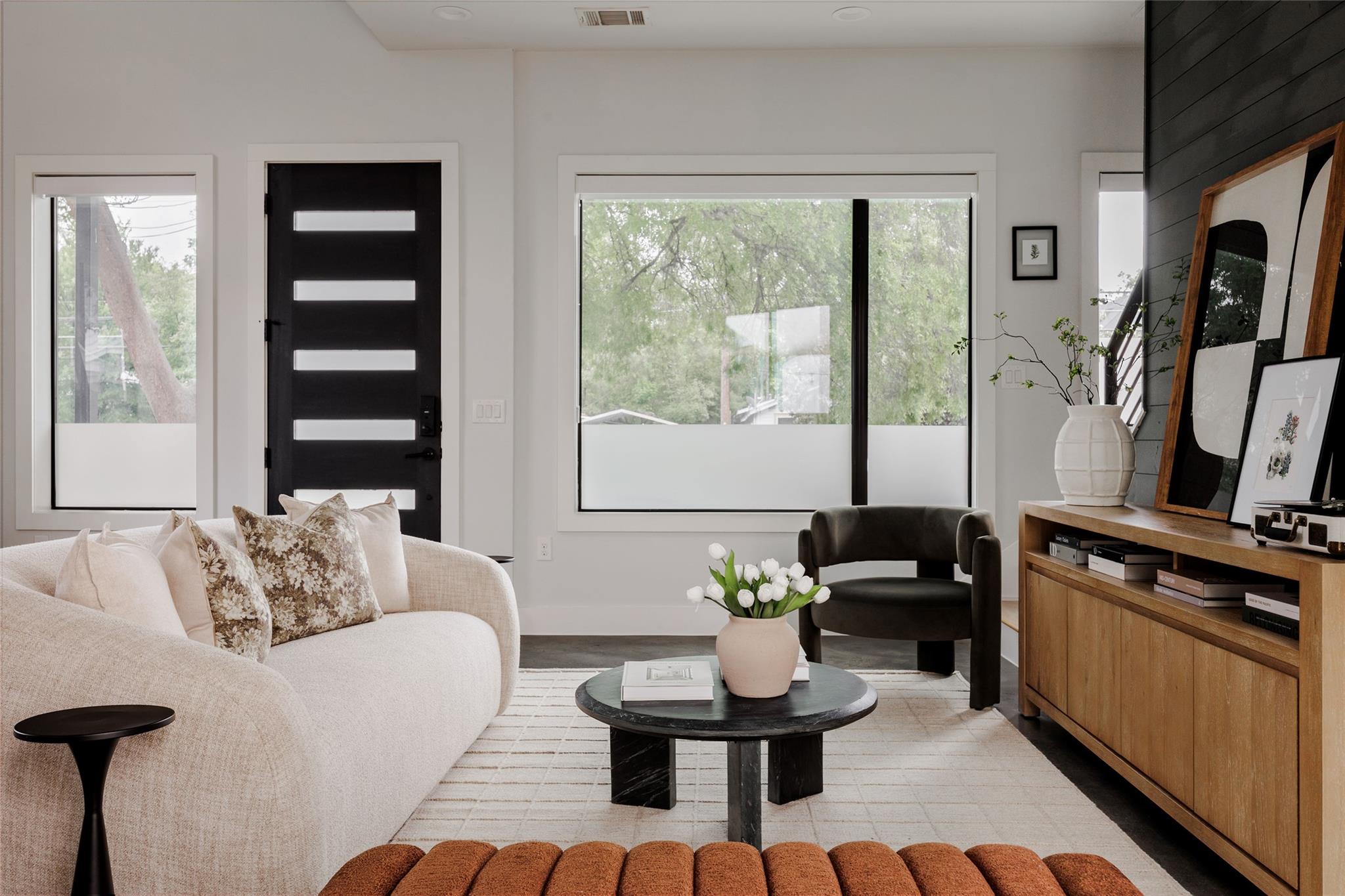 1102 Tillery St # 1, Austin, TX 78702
==========
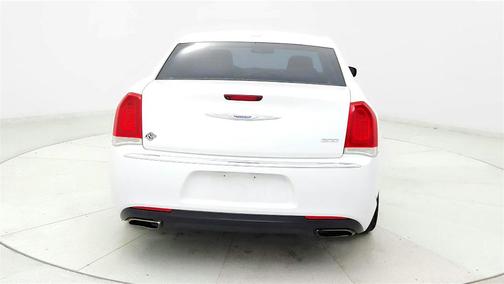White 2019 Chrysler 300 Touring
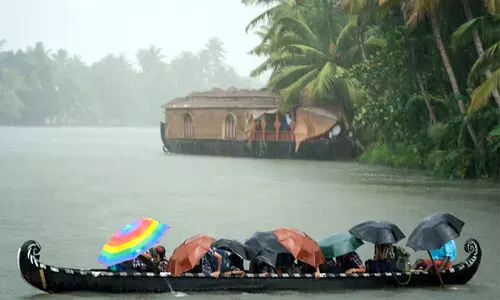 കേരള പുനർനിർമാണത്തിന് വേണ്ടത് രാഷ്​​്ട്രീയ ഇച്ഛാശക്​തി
==========
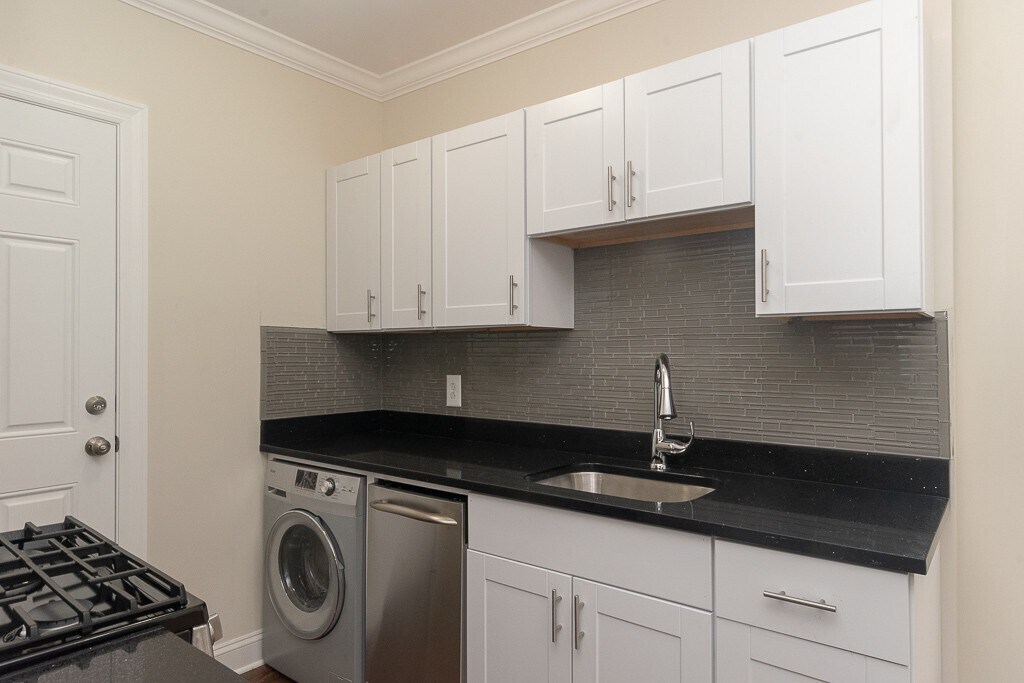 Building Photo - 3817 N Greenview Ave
==========
- _Aim of the task_
Above are records; write out the lines from the one with "White 2019 Chrysler 300 Touring" down to the one with "കേരള പുനർനിർമാണത്തിന് വേണ്ടത്", exactly, leaving the pictures out.

- _Exercise answer_
White 2019 Chrysler 300 Touring
 കേരള പുനർനിർമാണത്തിന് വേണ്ടത് രാഷ്​​്ട്രീയ ഇച്ഛാശക്​തി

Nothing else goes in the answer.